These are not exhaustive examples, and other circumstances may also justify the dissolution of
a business on ‘just and fair’ grounds. However, in order to satisfy the authorities regarding the
claims, the shareholders must show (a) that the business's affairs are oppressive, harsh, and
unlawful, and that winding up the company would be in the best interests of justice and equity.
(b) and it would be ‘fair and equitable’ to wind up the firm, but such an order would
disadvantage them.

2. FAMILY CENTRED COMPANIES & THE CHALLENGES

In India, family-centred enterprises are defined as businesses that are principally owned and
controlled by members of a single family or a closely connected group of persons under the
Enterprises Act. These businesses often feature a concentrated ownership structure in which
family members control the bulk of the stock and are often managed by family members as
well. Within the organisation, the family's influence and decision-making authority are crucial.
In family-centred businesses, ownership and control are frequently passed down through
generations, and family members may occupy crucial roles such as directors or executives.
These businesses frequently place a high focus on family values, traditions, and long-term
sustainability, which influences the company’s culture, vision, and management strategy.

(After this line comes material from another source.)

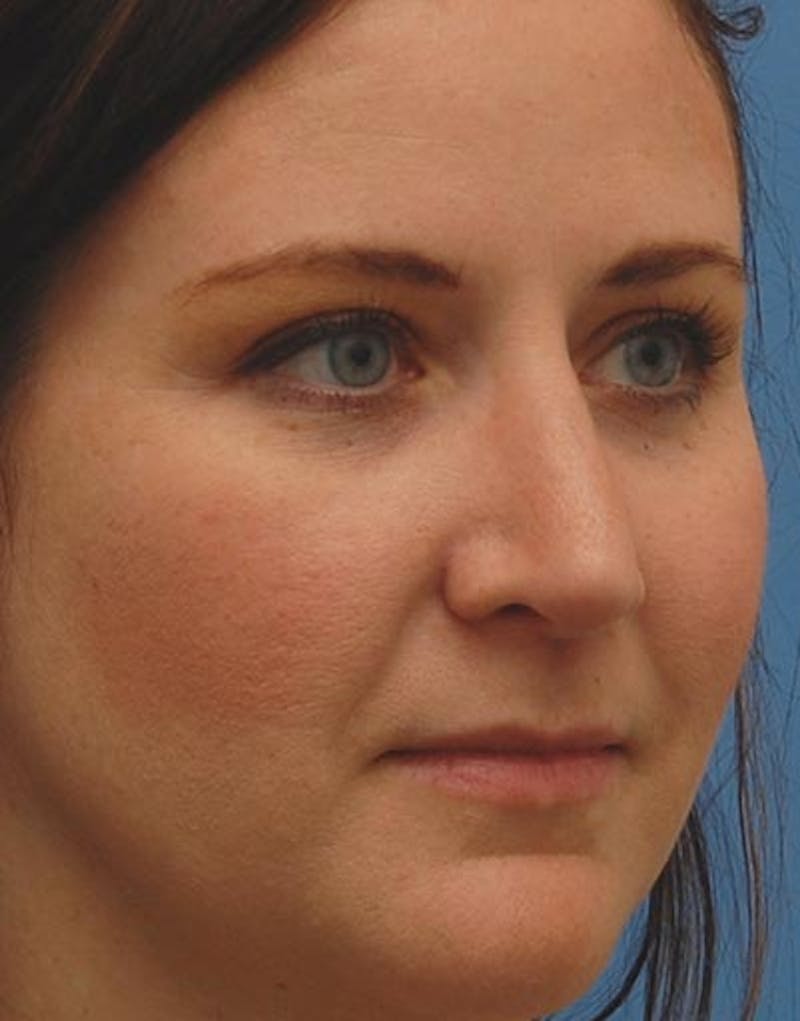 Rhinoplasty Before & After Gallery - Patient 209073 - Image 8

The Companies Act of India does not specifically identify or distinguish family-centred
businesses. Rather, it establishes a legal framework for the governance, administration, and
operation of all sorts of businesses, including family-owned enterprises. These businesses must
follow the regulations and procedures outlined in the Companies Act, such as performing
regular financial audits, issuing annual reports and financial statements, adhering to corporate
governance standards, and maintaining transparency in their operations.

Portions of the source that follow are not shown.